On March 2, 1955, nine months before Rosa Parks took her “stand”, a 15-year-old girl named Claudette Colvin refused to be bullied by the southern bus driver. Although there were available seats, a white woman refused to be seated next to or behind Colvin, who was black. When Claudette stubbornly remained seated, the driver pulled the bus over and two police officers manhandled her off the bus and arrested her. She was charged with violating segregation laws, disturbing the peace and assaulting an officer. In reality, the assault was perpetrated upon Miss Colvin as the officers roughly dragged her off the bus and proceeded to humiliate her with rude comments on the way to the police station. She was fingerprinted, photographed, denied a phone call and locked in a small jail cell until her parents and pastor were notified by friends who had witnessed the incident. Her church funded the bail shortly thereafter, and Claudette was released to the custody of her parents until her hearing later that month.

Colvin’s lawyer was a recent law school graduate named Fred Gray, who challenged the bus segregation laws on constitutional grounds and encouraged his client to plead “not guilty”.

Based on the weighted testimony of white witnesses, Judge Hill declared the young woman guilty of all charges, sentencing her to a year of probation. Claudette worried about the stain on her record, limiting job and school opportunities. She was also well aware that any perceived violations of the conditions of her probation, even if based on false accusations motivated by pure racist hatred, would land her in a reform school for “Negroes”, notorious for poor conditions and the hard labor of picking cotton.

Her young lawyer had not given up, however.

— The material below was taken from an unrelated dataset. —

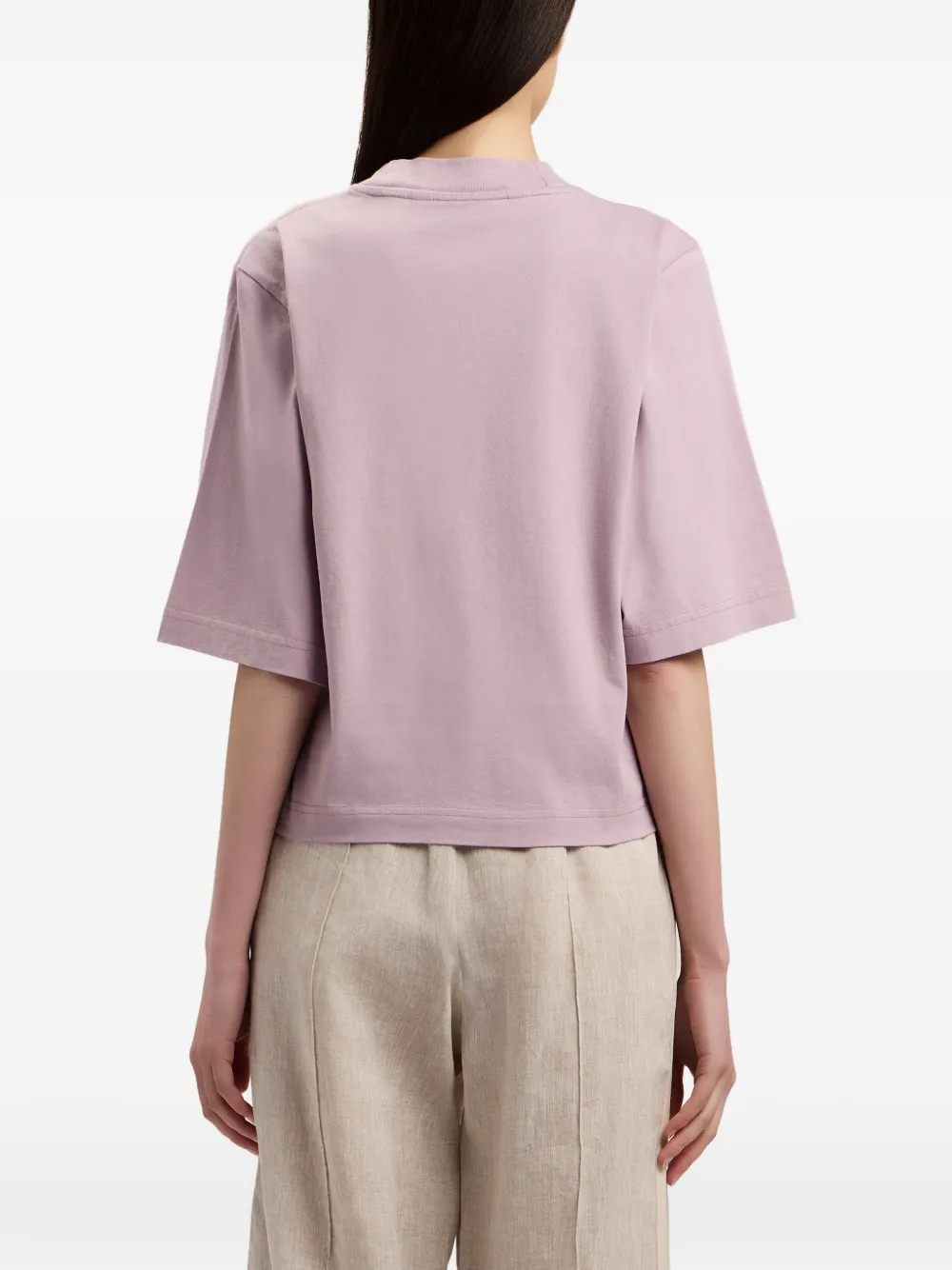 Palm Angels Boxy T-shirt met gewelfd logo Paars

Gray immediately filed for an appeal. In May, Judge Eugene Carter, of the Montgomery Circuit Court, dismissed the first two charges. Colvin paid a small fine for the “assault” charge and remained in her parent’s custody.

In October of 1955, eighteen-year-old Mary Louise Smith was arrested in Montgomery for violating the bus segregation law. Her father immediately paid the fine, admitting her guilt, and the story never made the papers.

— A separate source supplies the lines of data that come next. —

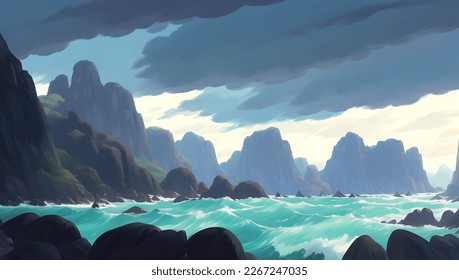 Beautiful Rocky Seascape with Beach Sand during Cloudy Sky Before The Storm Detailed Hand Drawn Painting Illustration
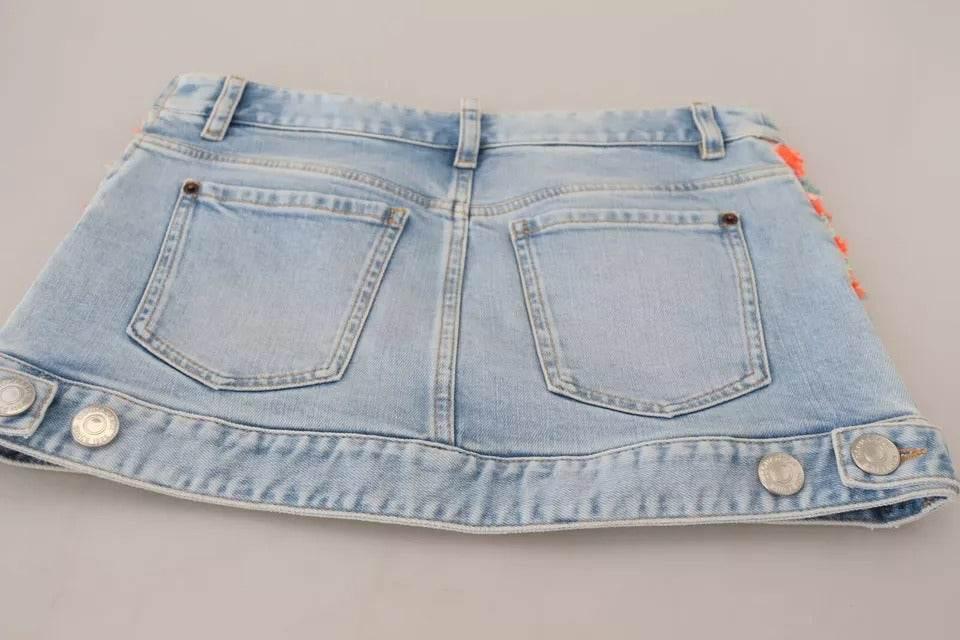 Dsquared² Multicolor Polyester Low Waist A-line Denim Skirt - Hilstor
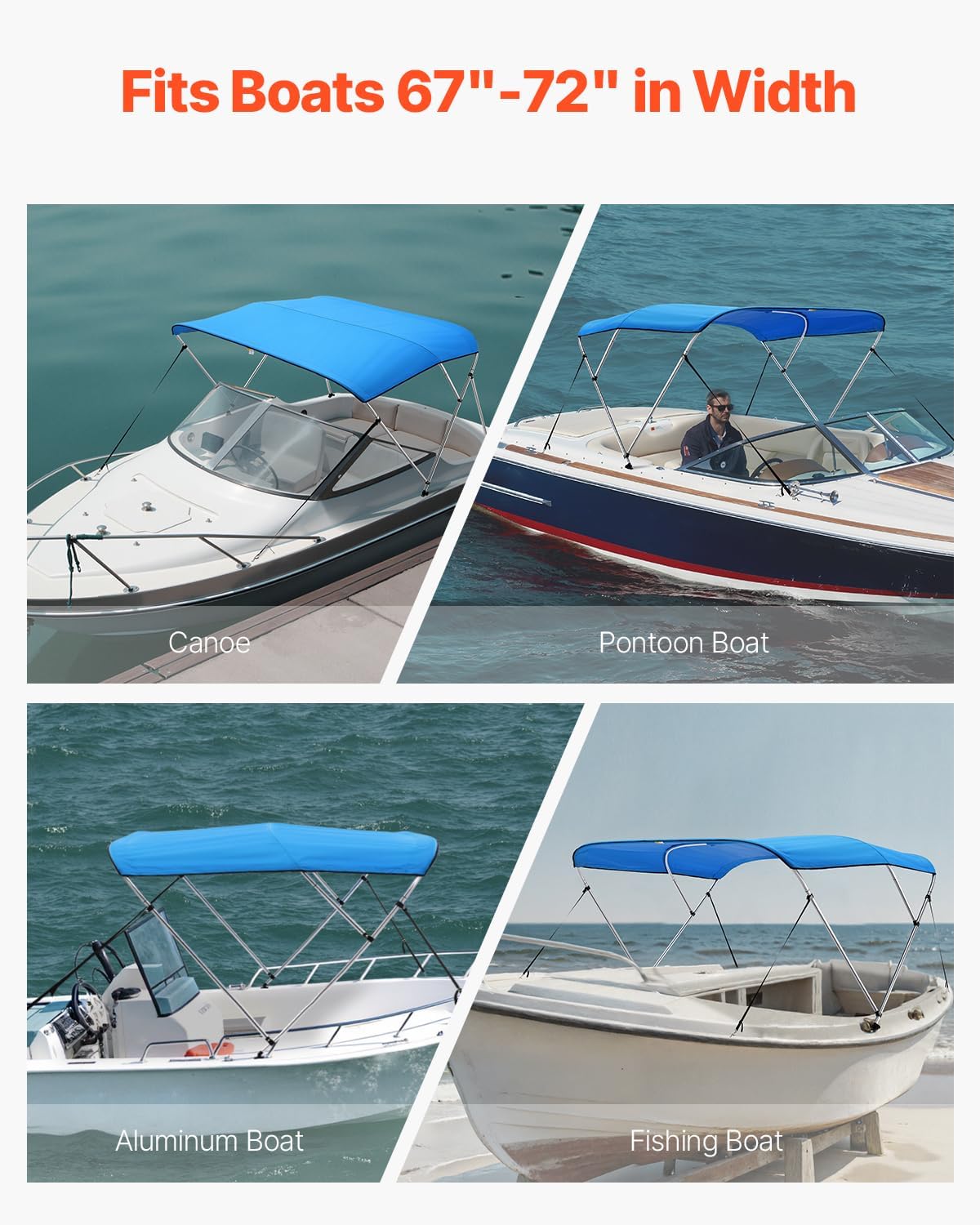 VEVOR 3 Bow Boat Bimini Tops, 600D Polyester Canopy with Aluminum Alloy Frame, Waterproof & Sun Shade Boat Awning Canopy with Storage Bag, 2 Support Poles, 4 Straps, 6'Lx(67"-72")Wx46"H, Pacific Blue - Image 6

By December of that year, the idea of a bus boycott was making the rounds in the Black community. While most African-Americans in the South at that time did not own cars, making public transportation a daily necessity, the persistent humiliation was becoming too much to bear.

When an unnamed grandmother was offered a ride by one of the car owners that participated in the informal ride-sharing program during the bus boycott, she waved him off, saying, “I’m not walking for myself. I’m walking for my children and grandchildren.”

To highlight the rebellious campaign that began on December 2, Rosa Parks managed to get herself arrested for breaking bus laws on the afternoon of December 1, 1955. She was a well-known civil rights activist, associated with the local chapter of the NAACP. The successful boycott resulted in tremendous loss of revenue for the Montgomery bus service. This campaign was not without severe consequences, however. The Ku Klux Klan and other racist entities retaliated with vandalism and violence against the Black community. A white librarian, Juliette Morgan, who had publicly supported the boycott and anti-discrimination cause, suffered such severe vandalism and persecution for her stand that she took her own life.

In spite of serious threats to their welfare, Black Americans rallied to take another important step against this injustice. Miss Colvin testified as the key witness in the federal lawsuit of Browder vs. Gayle in early February, 1956. The African-American community had organized to present a direct legal challenge to the discriminatory busing laws. Dr. Martin Luther King, Jr., whom Colvin had met in preparation for the trial, played a major role in the questioning by the defense team. Witnesses for the prosecution were repeatedly accused of being manipulated by the nefarious intentions of Dr. King. This distraction was effectively squashed by the witnesses, who consistently testified that they had each reached their own conclusions about the unlawful busing discrimination.

This landmark, yet virtually forgotten, case argued on May 11, 1956, resulted in finally overturning the Jim Crow busing laws. Civil protections guaranteed under the 14th Amendment were the basis of the arguments of the prosecution, creating a vital precedent for future suits against discrimination laws of the South.

During deliberations, Judge Clyde Sellers is quoted as lamenting, “If segregation barriers are lifted, violence will be the order of the day.” In response, perhaps the most compelling argument occurred when Judge Rives, siding with Judge Lynne for the plaintiffs, asked Sellers, “Can you command one to surrender his constitutional rights…to prevent another man from committing a crime?” 

Those who take a stand for justice over fear (even while sitting) will always remain on the right side of history, even when the motivation is protecting the freedoms for future generations.